JDK-8317521 : Enhance detection of integral unsigned comparisons
  • Type: Enhancement
  • Component: hotspot
  • Sub-Component: compiler
  • Affected Version: 22
  • Priority: P4
  • Status: Open
  • Resolution: Unresolved
  • Submitted: 2023-10-04
  • Updated: 2023-10-05
The Version table provides details related to the release that this issue/RFE will be addressed.

Unresolved : Release in which this issue/RFE will be addressed.
Resolved: Release in which this issue/RFE has been resolved.
Fixed : Release in which this issue/RFE has been fixed. The release containing this fix may be available for download as an Early Access Release or a General Availability Release.

To download the current JDK release, click here.
Other
tbdUnresolved
Related Reports
Relates :  
Relates :  
Description
When Java code needs to perform an "unsigned int" comparison, the conventional ways to do that is to use a pattern like `(MIN_VALUE ^ x) < (MIN_VALUE ^ y)` or `(MIN_VALUE + x) < (MIN_VALUE + y)` (or any combination permitted by commutativity).

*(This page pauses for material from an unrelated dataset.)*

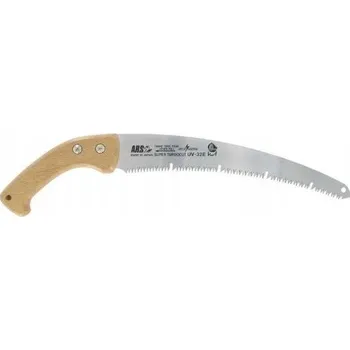 Ruční pilka Pila ARS UV-32EN-W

Currently, the first pattern is translated by C2 exactly as written in Java, using two ^ and a signed < instructions. The second, however, is recognized as an "unsigned comparison pattern" and translated directly to an unsigned comparison, removing the two + operations.

Since both pattern are used by Java programmers when they need to express unsigned comparisons, the first pattern should be recognized as an "unsigned comparison pattern" as well.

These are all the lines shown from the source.